Noite de paz, um conto de Natal

Vinte e quatro para vinte e cinco de Dezembro, noite da Consoada. Onde há um cristão, celebra-se o nascimento de Jesus e nos lares o ambiente é festivo, sobretudo por parte das crianças que esperam receber prendas em número que não reflita como se comportaram em casa ou na escola ao longo do ano. No meio da habitual azáfama da distribuição dos brinquedos, remexendo no saco dos presentes, o Pai Natal, esse sujeito de ar bonacheirão que todos os anos nos entra em casa pela chaminé, deu pela falta de uma boneca que tinha destinado oferecer a Matilde, uma menina tão pobre que de seu, além do nome, só possuía a roupa que trazia no corpo e um velhinho boneco de trapos ao qual ela queria juntá-la para lhe fazer companhia e acabar com a pena que metia vê-lo sempre sozinho.

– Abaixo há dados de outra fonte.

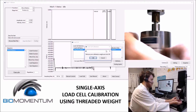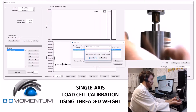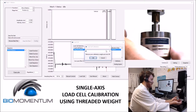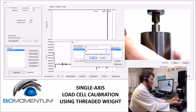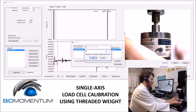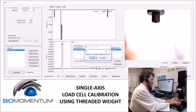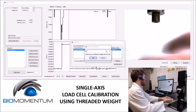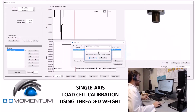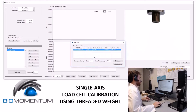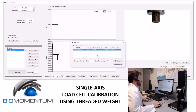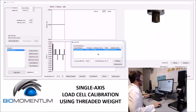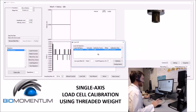To remove the calibration weight, I usually keep one hand at a distance from the weight and then let it drop into that hand. The load cell is now calibrated.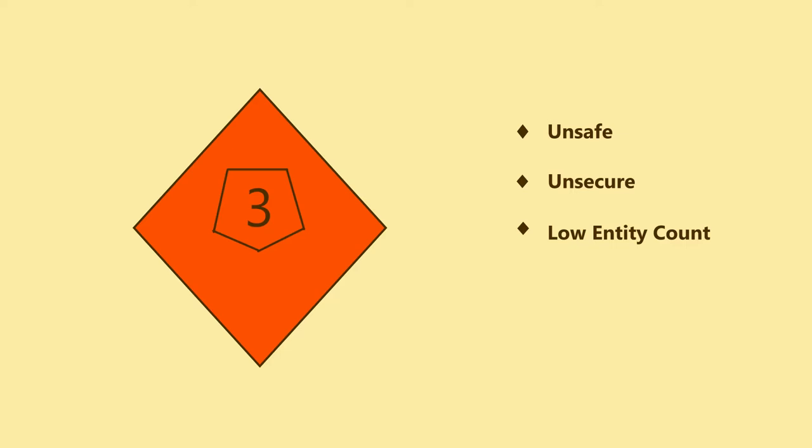Level 0.1 is the first sublayer of level 0, and it is called Chaotic Structure. This level of survival difficulty is class 3 as it is unsafe and unsecure, but has low entity count.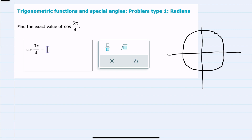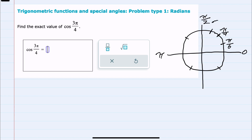I'll start by labeling our axes here in radians as 0 radians. Pi is halfway around the circle, so pi halves is in the middle, and then the multiples of pi fourths are special angles, as well as the multiples of pi sixths, which includes 2π/6, which is π/3.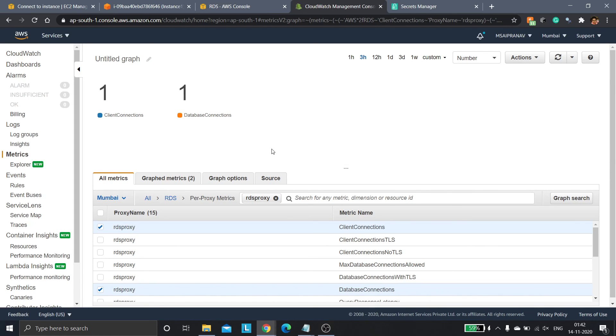In this tutorial we have successfully connected to the RDS MySQL database from the EC2 instance through the RDS Proxy. That's it for this video. Thanks a lot for watching — please like, share, and subscribe, and see you in the next video.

Vivia com os pais, todos entregues à sorte, num abrigo de madeira onde se escondera, ao tempo em que fugia do dono de uma plantação de milho, um par de mendigos que era acusado de roubar do cofre de uma mansão, ouro de valor superior ao do peso que conseguiriam carregar às costas mesmo que contassem com o auxílio de um cúmplice.

Era uma casa pequena, de uma só assoalhada que dividiram numa cozinha separada do quarto por uma sala onde comiam. Tão apertada como seria o espaço onde certamente os pais dela poriam as galinhas ou os coelhos, se entretanto enriquecessem e tivessem dinheiro para ter animais. As paredes eram de madeira envelhecida revestida a barro e o telhado era composto por tábuas de madeira igualmente pouco resistentes, assentes sobre um manto de palha que ao invés de servir para conferir algum conforto à casa, ainda mais contribuía para acentuar o caráter débil da sua construção.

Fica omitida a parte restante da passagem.